13K views 24 replies 14 participants last post by  jgrickett51  
I've watched several videos showing different ways of making wood drawer slides in place of commercial drawer slides. The simplest was just extending the drawer bottom beyond the sides of the drawer, and them placing blocks along the sides to create grooves for the drawers to slide in. Everything can be done with a table saw, maybe even a circ saw.

Some more advanced involve routing a groove into the drawer sides for wood runners to slide in. These types of course require a router, and probably a router table.

Either seems quite practical, but I imagine friction becomes an issue as weight goes up. On the simpler one where the drawer is basically built on top of a plywood base, the design is pushing the "made from just a sheet of plywood" but it seems to me, the "runners" would probably work better from MDF, or solid wood. MDF seems slicker than edge on plywood.

Just wondering if anybody has any experience building drawers without slides, that can point out pitfalls, and maybe limits of the concept. Adequately thick plywood I think would be plenty strong, but I imagine much weight in the drawers and they would become hard to move.

I was thinking about building an under bench storage unit with some drawers to hold 3D printer and model making supplies. Mostly bulky but lightweight materials, so thought that might be a good trial run to experiment with some cheap and easy drawer making techniques. I particularly like the idea of the plywood bottom also being the slides for its simplicity.

I think this is the video I watched, if not the exact one, it is quite similar.

I think I would add a full width drawer front to cover the slide slots and improve the appearance.

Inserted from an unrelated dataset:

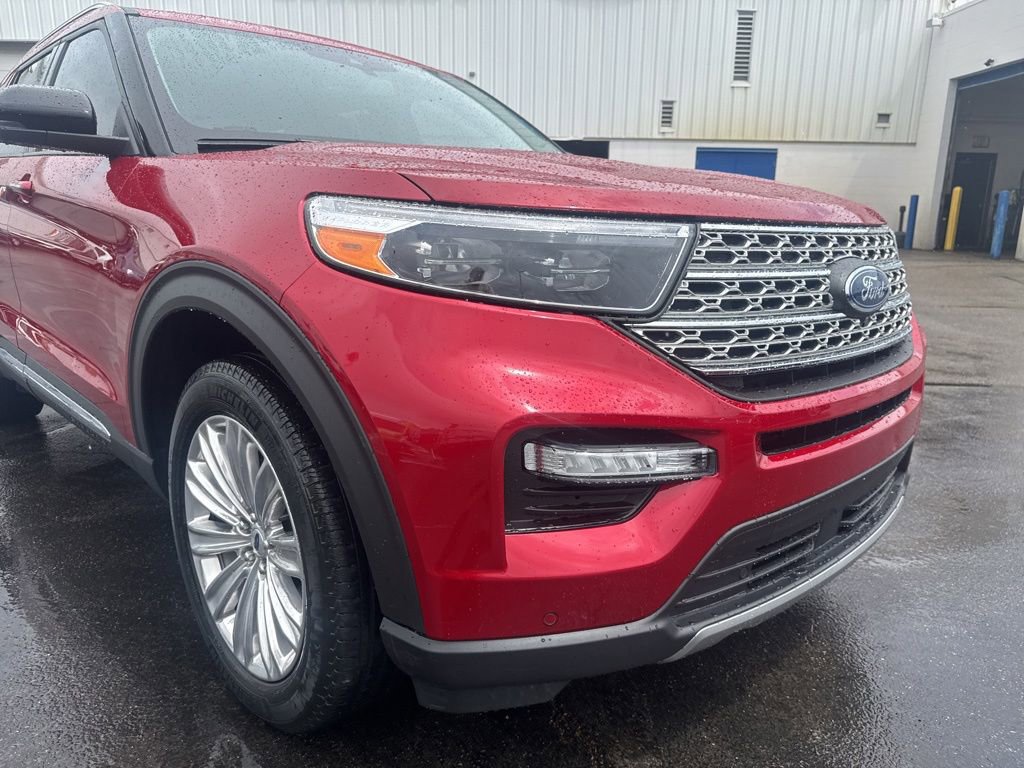 Certified 2023 Ford Explorer Limited w/ Equipment Group 301A AWD/4WD image 14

Wooden slides is more of a furniture class method. The only issue with wooden slides is if you make them too tight you have issues with them sticking in damp weather when the drawer swells. Then if you make them too loose the bind if you don't slide them straight back. I think the least problematic system is like this, the center guide keeps the drawer running straight in and you can make it sloppy enough wood movement isn't an issue.